Sérieusement, n'est-ce pas étrange de voir ces écoliers plagiaires régner sur de certaines foules et nous pousser dans un nouveau Bas-Empire où les rhéteurs pourront être des tribuns? Ce langage convenu, cette imitation fastidieuse, ce faux continuel est en effet à l'ordre du jour dans tout le parti; écoutez un correspondant de la Vraie République vous raconter la ruine d'un condamné de juin, un marchand de bois de la rue Ménilmontant; les voisins remplissent son chantier désert: « Malheureux Derteract! s'écriait une femme du peuple, quelle récompense est la tienne! Toi si dévoué, si grand d'ame, toi l'exemple vivant du travailleur-peuple! Un vieillard était là également qui pleurait; il laissa échapper lentement ces paroles: Mon Dieu! qu'elle est à plaindre, la justice qui s'égare à ce point d'infliger un châtiment au citoyen qui a mérité la couronne civique! » Ce sont bien là les vieillards et les femmes des sombres rôles de l'Ambigu et de la Gaieté; ce sont des figures de cire qui ne respirent ni ne marchent tout de bon: c'est le faux à froid. Lisez les envois d'argent des souscripteurs qui paient les amendes du Peuple et jettent à l'envi leur obole « dans la gueule du fisc!» le faux, toujours le faux! Lisez les feuilletons dans lesquels on représente Maximilien Robespierre montrant ses images à sa sœur quand il était petit, nourrissant avec amour des pigeons ou des moineaux, et pleurant la mort « de ses pensionnaires emplumés. » Faux style, faux esprit! la guillotine mignarde! tout cela faux comme la fantasmagorie financière de M. Proudhon, qui vient, à ce qu'il paraît, de mettre la clé de sa banque sous la porte pour prendre celle des champs.

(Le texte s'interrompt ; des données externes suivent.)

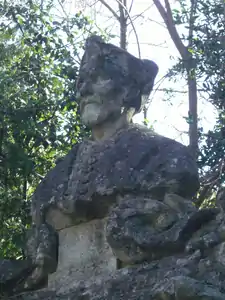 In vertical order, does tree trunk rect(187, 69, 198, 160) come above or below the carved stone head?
above

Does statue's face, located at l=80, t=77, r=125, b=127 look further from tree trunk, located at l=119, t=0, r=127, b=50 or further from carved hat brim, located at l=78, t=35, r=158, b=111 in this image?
tree trunk, located at l=119, t=0, r=127, b=50

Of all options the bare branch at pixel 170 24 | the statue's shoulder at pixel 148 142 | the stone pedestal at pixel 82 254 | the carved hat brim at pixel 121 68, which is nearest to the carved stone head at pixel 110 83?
the carved hat brim at pixel 121 68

Comment toutes ces faussetés peuvent-elles cependant exercer tant d'empire sur la multitude? C'est qu'elles vont à l'adresse des appétits matériels qui assiégent aujourd'hui l'ordre social; elles les déguisent et les parent; elles semblent couvrir ou relever le but grossier qu'ils se proposent. Ces appétits demeurent au fond de l'homme avec leurs exigences et leur tyrannie; la société est faite pour les contenir : lorsque la société branle sur sa base ou se dissout, ils repa→ raissent à la surface et réclament leur part de butin. Nous en sommes là, sauf réserve, et les vendeurs d'éloquence ne chômeront pas de clientèle tant que la société ne sera pas rassise et raffermie. Resserrons donc au plus vite les liens des institutions, défendons tous les ressorts de l'organisation publique contre des attaques inconsidérées ou perfides. Un pouvoir fort sera toujours le plus sûr rempart contre les doctrines anti-socialistes, parce qu'il leur opposera, pour ainsi dire, une objection de fait. Les propagandistes nieront qu'il puisse résister : il résistera.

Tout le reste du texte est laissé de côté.